El muro: «Una solución poco elegante, aunque mil veces preferible a la guerra».
Era la década de los ochenta y caminábamos en medio del intervencionismo estadounidense en Centroamérica, la dictadura en Argentina terminaba en medio de alfileres, el conflicto de Oriente Medio aún se sentía lejano, trazado como una historia de ficción con personajes bíblicos de siglos atrás. En los walkmans podíamos escuchar que el pop giraba en medio de las armonías extravagantes y estridentes de Michael Jackson, Madonna, Boy George, mostrándonos una diversidad ecléctica de minorías empoderadas, la aceptación de la locura y una libertad inusitada, infinita, para ser único, ícono, y labrar tu efigie en medio de Disneylandia, ser para la posteridad.
El rock iba de la mano con la potencia vocal y armónica de Queen, lo estridente sin florituras de Kiss, el pop de mil cabezas de The Police, y el escape hacia la ciudad donde las calles no tienen nombre de U2. Mientras, Mtvnos inundaba de imágenes sacadas de los sueños de un adolescente vestido de astronauta, atrapado en el concepto del “Freedom” perenne, mustio.

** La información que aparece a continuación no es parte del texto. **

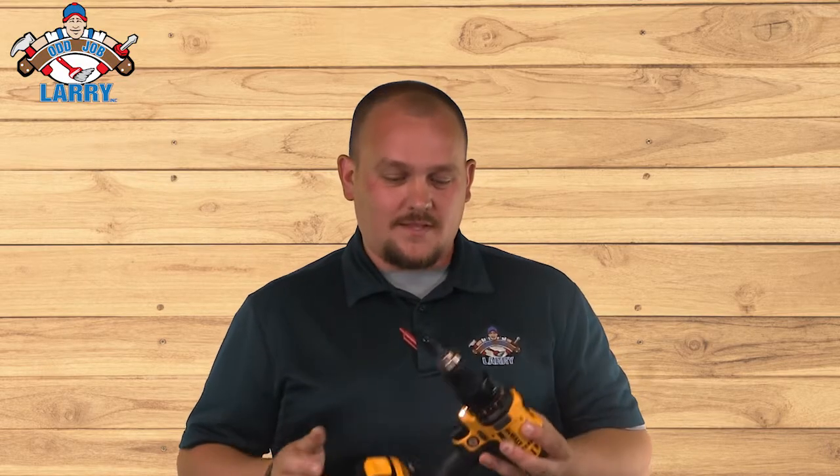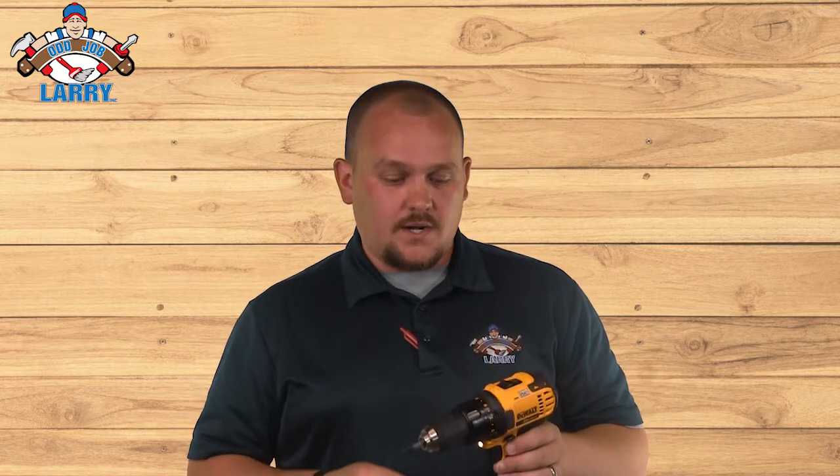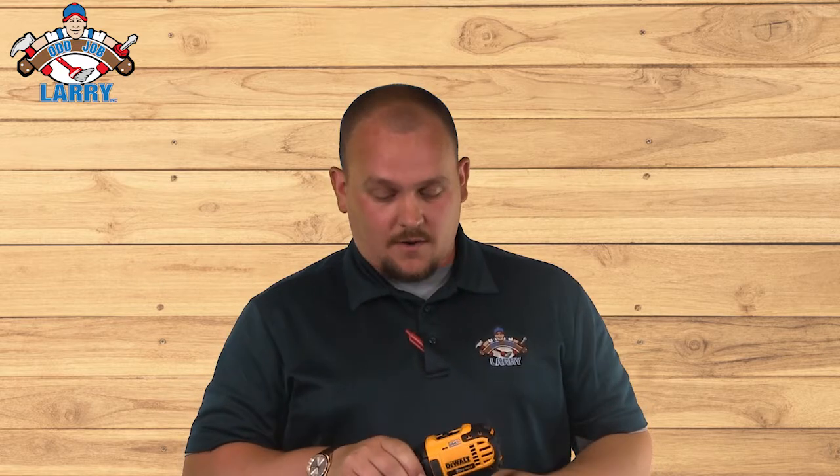Hi, it's James from Madge Avaleri. This is a cordless drill and I just wanted to give you a few quick tips. A lot of people have cordless drills, but not a lot know what all the numbers or buttons mean on them, so just wanted to tell you what they are.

Eran años con un rompecabezas difícil para armar, donde los niños del mundo desfilábamos en medio de dos mundos, de dos opciones políticas. En mi caso personal, ante los factores externos y al ser hijo de devaluaciones monetarias, la idea del socialismo como bloque me generaba un ligero agrado lactante; estaba reconociendo la existencia de una competencia ideológica y económica. Me gustaba la idea de saber que en algún momento podrías escoger entre dos culturas, entre dos estilos de vida.
La Ciudad de México tenía entonces otro nombre: Distrito Federal. Transitaba en medio del esmog eterno, los vochos taxistas olían al bochorno húmedo que sobraba del cinismo del Negro Durazo, caminábamos entre calles pintadas de imprenta, olores en blanco y negro, llenas de aceite y grasa de los puestos que inundaban las calles del barrio de la Romita. Aún lejos de la gentrificación, nuestra esencia chilanga era un repelente eficaz al interior del país. Entretanto, yo imaginaba vivir en un papel periódico, entre los artículos de opinión del Excélsior de Julio Scherer o de La Jornada de Carlos Payán, un periodismo manchado por la muerte del periodista Manuel Buendía y las víctimas del terremoto del 85.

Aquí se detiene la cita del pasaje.